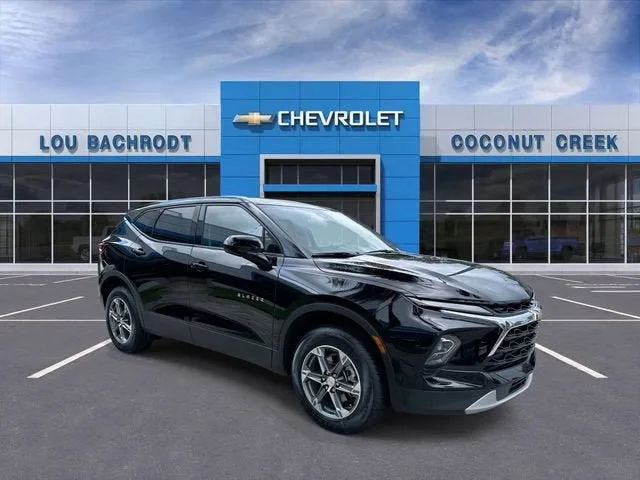 2025 Chevrolet Blazer 2LT photo 2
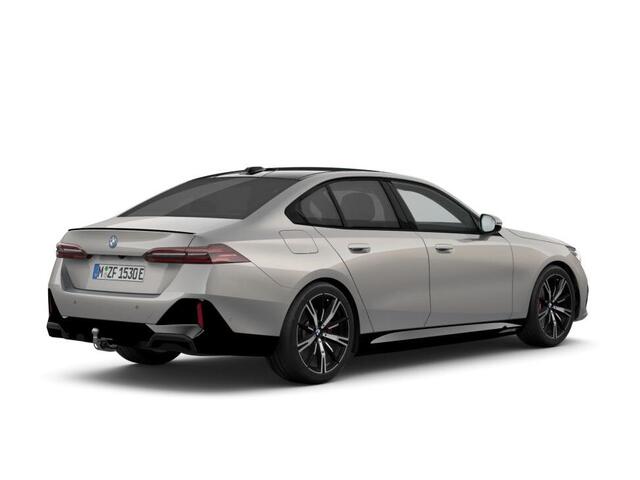BMW 5-SERIE 530e M Sport Edition | M Sport Package Pro | Equipment Package Professional | Travel Package | Comfort Package
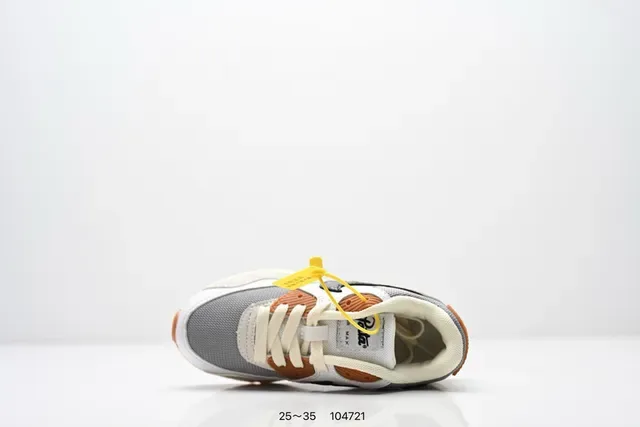 Nike Air Max 90 Neon Lime Lifestyle Sneakers 19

-----

| Problem statement |
Transcribe the listing above in full and exactly; no pictures belong in the copy.

| Problem solution |
 2025 Chevrolet Blazer 2LT photo 2
BMW 5-SERIE 530e M Sport Edition | M Sport Package Pro | Equipment Package Professional | Travel Package | Comfort Package
 Nike Air Max 90 Neon Lime Lifestyle Sneakers 19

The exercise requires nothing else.